What is more is that not every notification, message, social media post will deliver the pleasure the brain is looking for. But brains are wired to seek out these rewards and so a user is willing to filter through a lot of mind-numbing rubbish (and time) to get there. Sometimes, a user will even construct their own reward, which we might recognise as posting on social media or reaching out virtually to family and friends.  

There’s actually a name for smartphone addiction: nomophobia (the fear of being without a mobile phone). The realisation I have though is that it’s not the phone that we are addicted to; it’s the apps, games, and societies that the phone connect us to. This is why older generations acquainted only with ‘dumb phones’ (yes the name made me giggle too!) never found themselves addicts of this dark device.

According to the author of this article, phone usage does not ‘create some neurological response [like] chronic addiction [as] there are… no withdrawal symptoms associated with phone usage.’

Apparently, it’s just a matter of fixing a bad habit and if that is the case, then it’s all about building a healthy relationship with one’s phone.

Whilst it may be naïve to argue a lack of withdrawal symptoms – a growing body of research suggests that physiological withdrawal symptoms like anxiety, increased heart rate and blood pressure, also exist for behavioural addictions – I appreciate the classification of phone usage as a bad habit. This is because bad habits can be fixed.
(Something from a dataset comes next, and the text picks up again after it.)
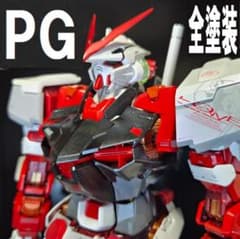 は*柿様 PGパーフェクトグレード レッドフレーム全塗装完成品（フレームも全塗装のサムネイル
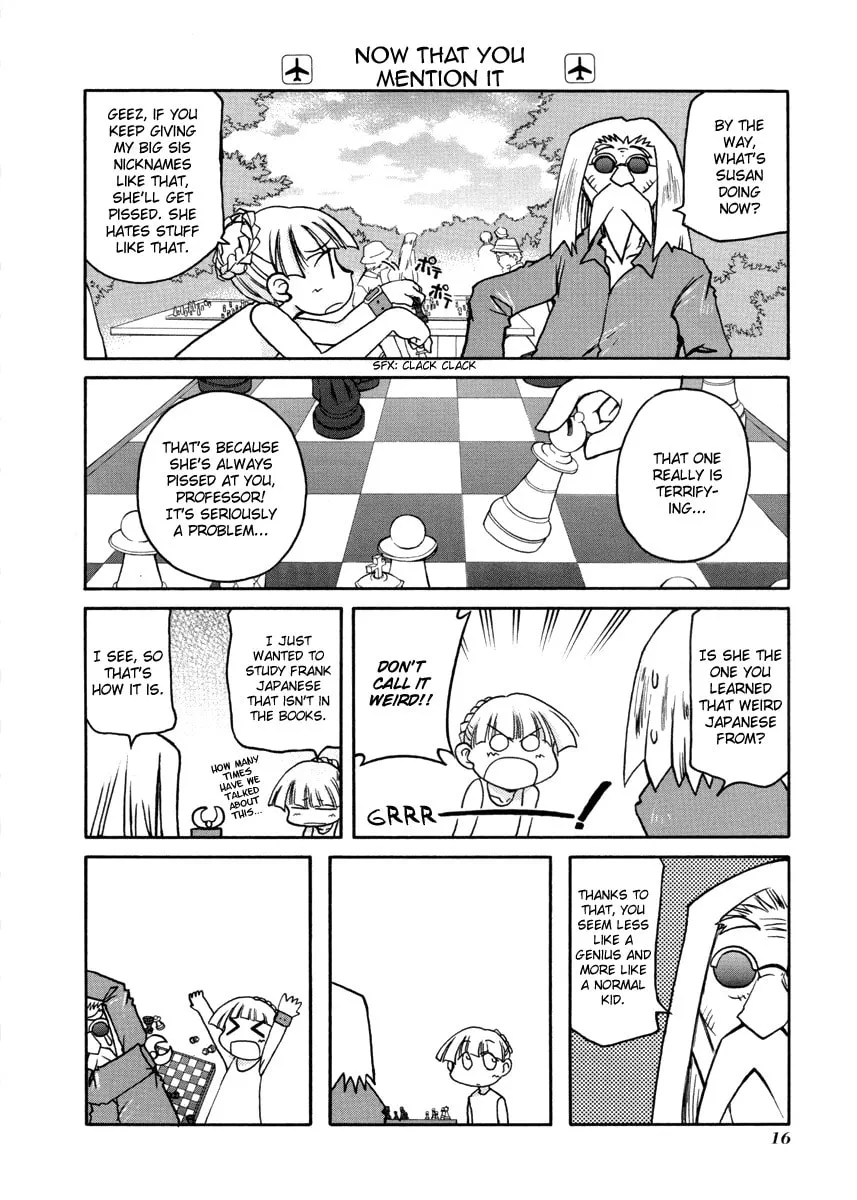 Read Pani Poni chapter 96 image 3 on Lezhin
  1. Switch to a traditional alarm clock and keep the mobile phone away from the bedroom. Contrary to popular belief, your phone is not your guard dog!
  2. Keep meal times a phone-free zone.
  3. Turn off notifications.
  4. Track screen time using the many apps like Freedom, Moment, ZenScreen.
  5. Engage in an activity that you like that does not involve using your phone.
  6. Commit to phone free days.
  7. Change your phone setting to grayscale, which makes the graphics, looks less inviting.
  8. Don’t make your phone the first thing you interact with as soon as you awake.
  9. Cull your social media and be ruthless. Only follow those that inspire.
  10. Create boundaries. During specific activities like walking, working or reading, commit to them and don’t involve your phone.

Believe it or not, life exists beyond our phones. Let’s live them to the fullest.

Signing off,

A fellow Nomophobe on her way to recovery.